TEDx talk about using street art to challenge the status quo.



I grew up in a family of educators and spent time living in Massachusetts, Texas, Wyoming and Upstate New York. Growing up in different parts of the country exposed me to the divergent cultures and peoples that makeup the so-called United States. I credit my early years in the conservative hotbed of Amarillo, Texas with forging my outlook and understanding of the world as a reaction to the inequality and racism I witnessed there. The diverse communities I encountered growing up inspired an interest in understanding how we as humans understand or misunderstand each other and led me to study cultural anthropology in College. I spent two seasons working as an archeological field technician before moving to New York City for graduate school where I studied under Prof. Jack Salzman. During graduate school I worked at cultural institutions in New York and I continue to do cultural work now. I also spent two years teaching English in rural Mongolia and have previously worked as a barista and bagel baker.  My writing on culture and art has been published by the Smithsonian Institution and Hyperallergic among others. 

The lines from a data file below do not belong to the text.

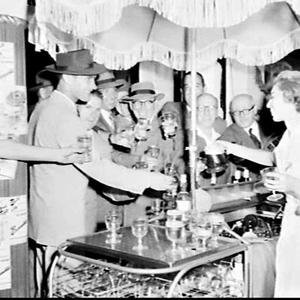 Barmaid serves drinks from a Mobilbars "Barmobile" at a...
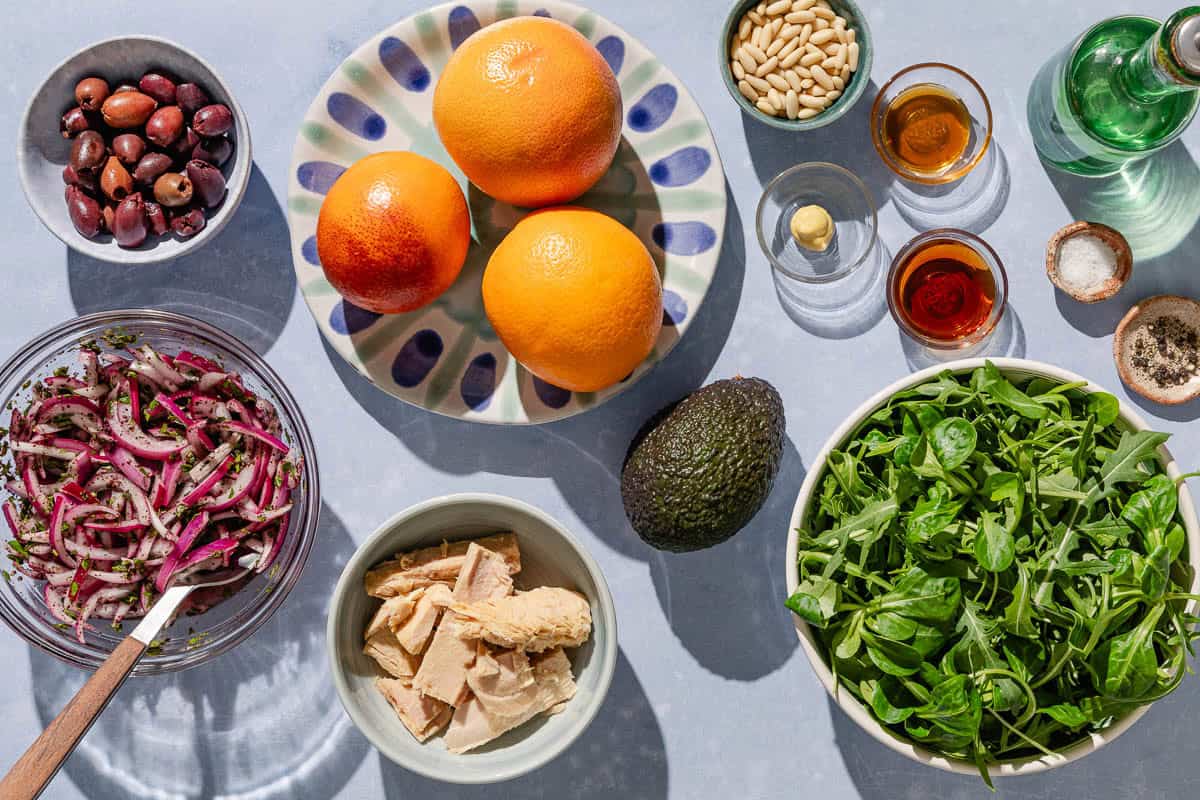 Ingredients for Avocado Tuna Salad including tuna, grapefruit, oranges, baby lettuce, avocado, kalamata olives, pickled red onions, pine nuts, olive oil, sherry vinegar, honey, dijon mustard, salt and black pepper.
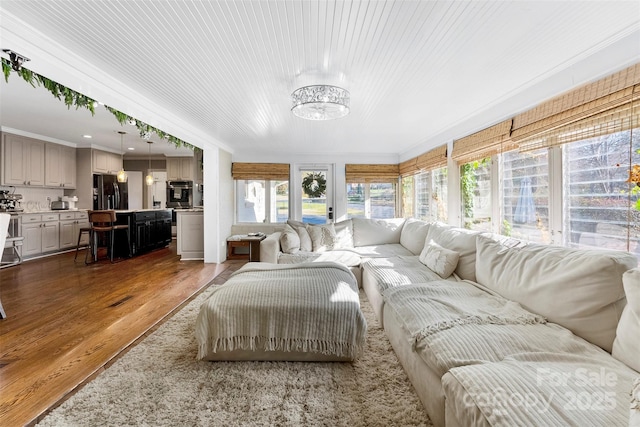 living area featuring dark wood-style floors, wooden ceiling, and ornamental molding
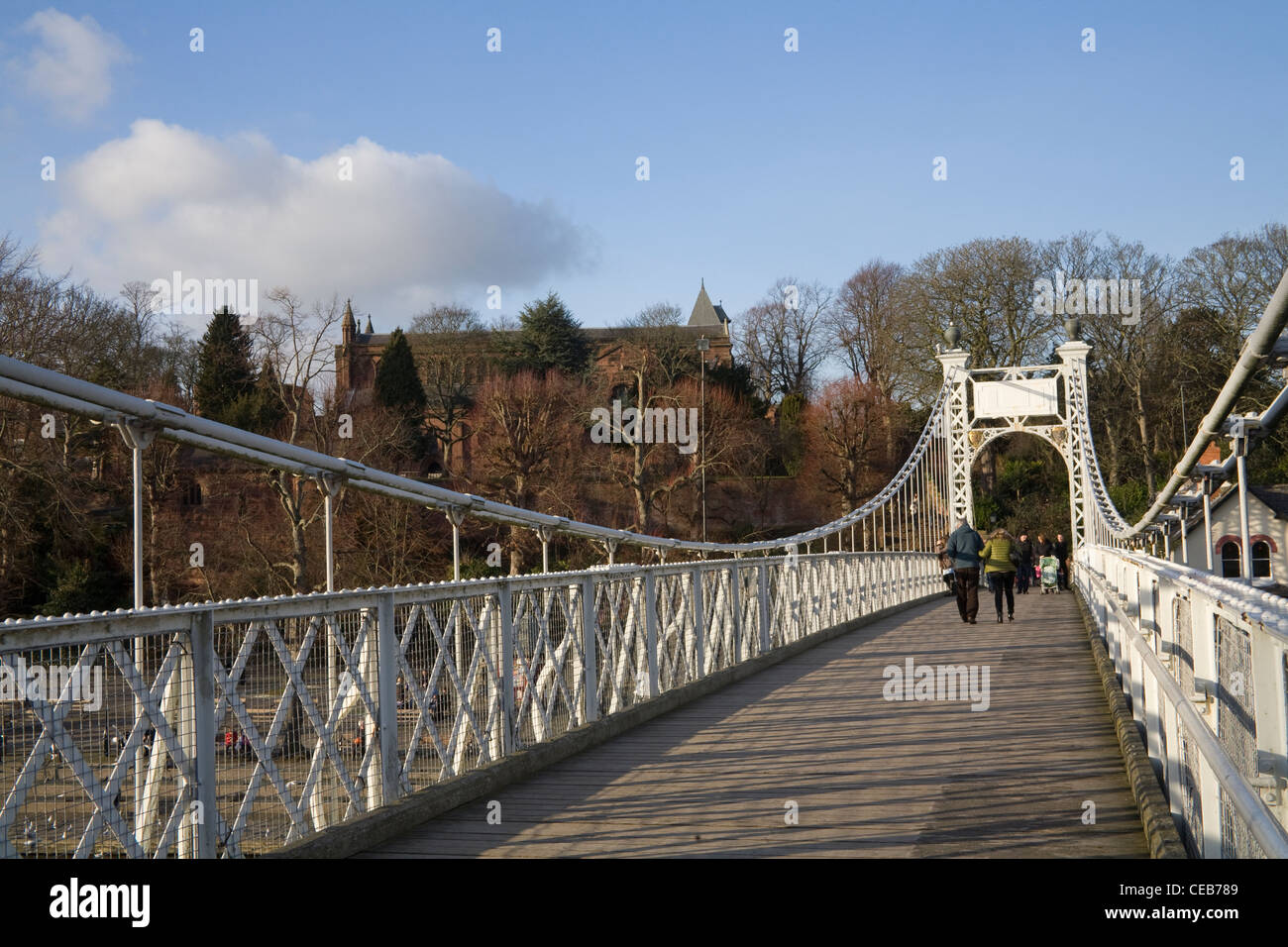 Chester Cheshire View along Queens Park Suspension Bridge over River Dee Stock Photo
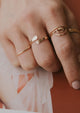 A beautiful ring stack featuring a 14kt Gold Fill wrap cuff ring by Hello Adorn.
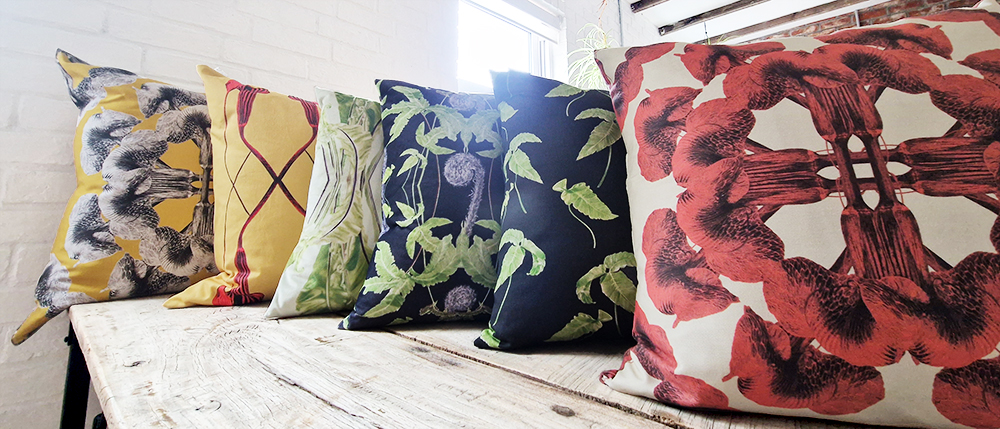 Cushions made with fabric designed by Marianne Hazlewood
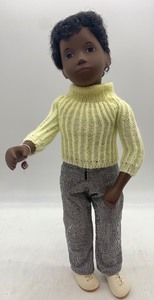 lot 85 image: Vintage Sasha Doll with Yellow Sweater and Houndstooth Pants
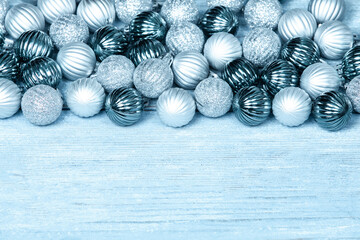 New Year Balls on blue wood background. Christmas background with colorful baubles. Happy New Year greeting card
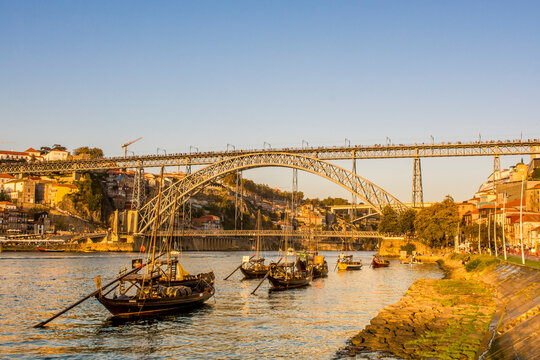 Rabelo boats near the Luis I Bridge over the Douro River, Porto, Portugal.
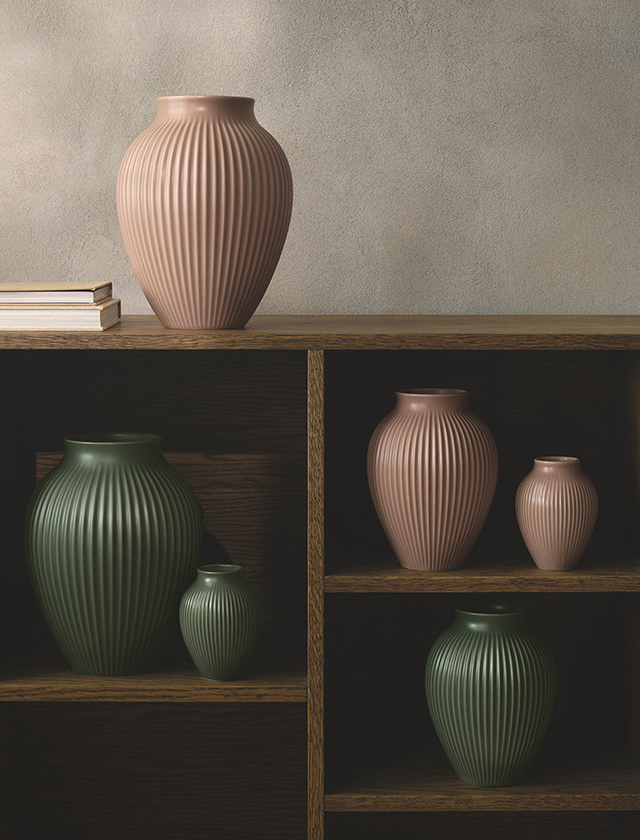 Knabstrup Keramik Rillenvasen in den matten Farbtönen Dusty Rose und Grün (Celadongrün und Dark Green) sind dekorativ in einem offenen Holzregal arrangiert. Die markante vertikale Rillenstruktur betont die elegante Form der Vasen und verleiht ihnen zeitlose Ausstrahlung. Ob einzeln aufgestellt oder in Kombination, die Vasen der Serie setzen stilvolle Akzente im skandinavischen Wohnstil und eignen sich sowohl für Blumenarrangements als auch als reine Designobjekte.
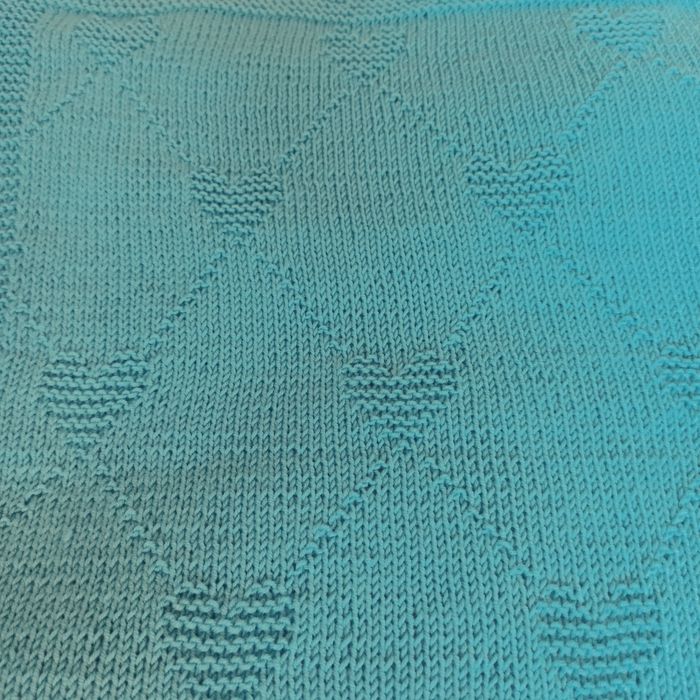 Ręcznie robiony kocyk dla niemowlaka z wełny merino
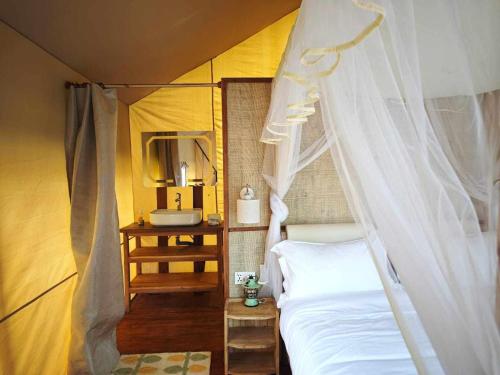 a bedroom with a canopy bed and a sink at Longoza Ecolodge in Andasibe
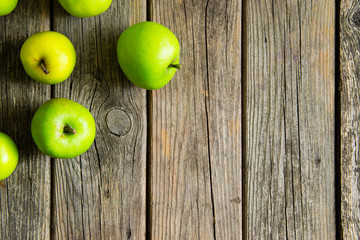 green apples on old wooden background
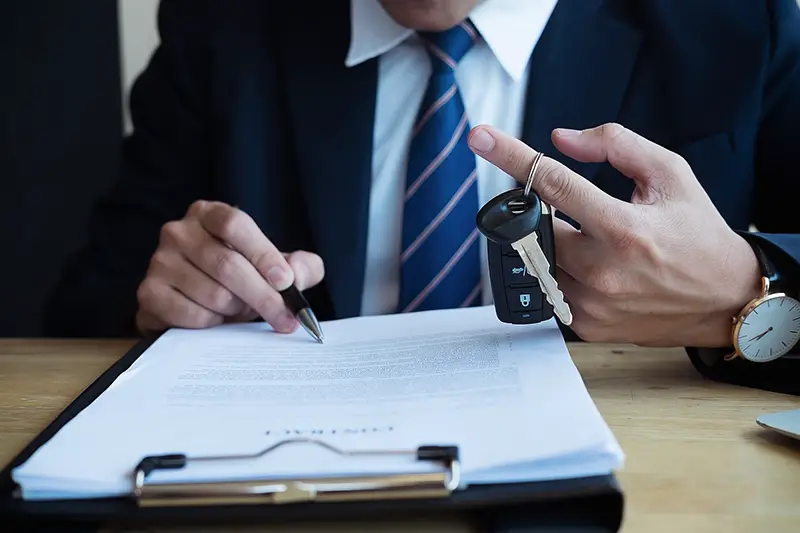 Person signing a car loan agreement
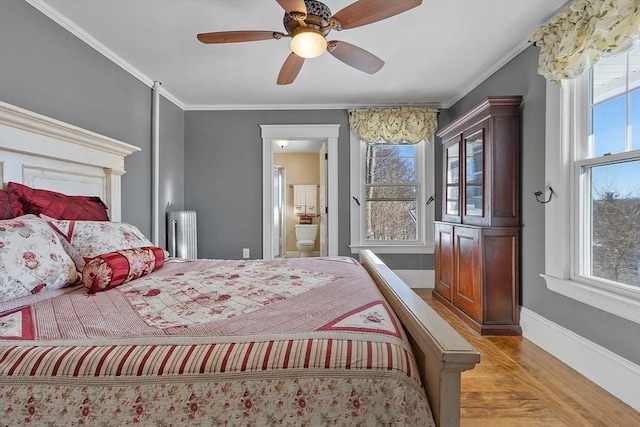 bedroom featuring ensuite bathroom, radiator, ornamental molding, ceiling fan, and light wood-type flooring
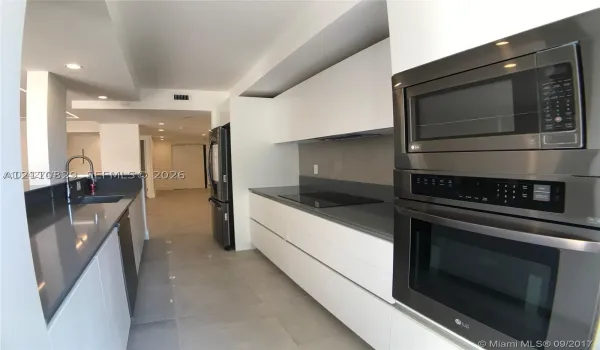 Kitchen featuring white flat-panel cabinetry, charcoal solid-surface countertops, stainless steel built-in double oven and microwave, recessed lighting, and large-format tile flooring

I have no formal artistic training beyond an analog photo course and a drawing course as an undergrad. I enjoy looking at works by artists and trying to figure out how techniques are accomplished. I am interested in a variety of mediums but I most often work with multi-layered stencils, linoleum cuts, acrylic painting and digital illustrations. Much of my creative content is related to my 9-5 work in history and anthropology. I often wheatpaste my work in public on abandoned or vacant buildings. I enjoy putting my work up in the street because it allows me to operate outside of the  confines of the mainstream art world. This allows me to speak to social issues freely and engage with an audience where they are. It is my hope that my work can confront social issues and provide comfort and solidarity for people who are overlooked.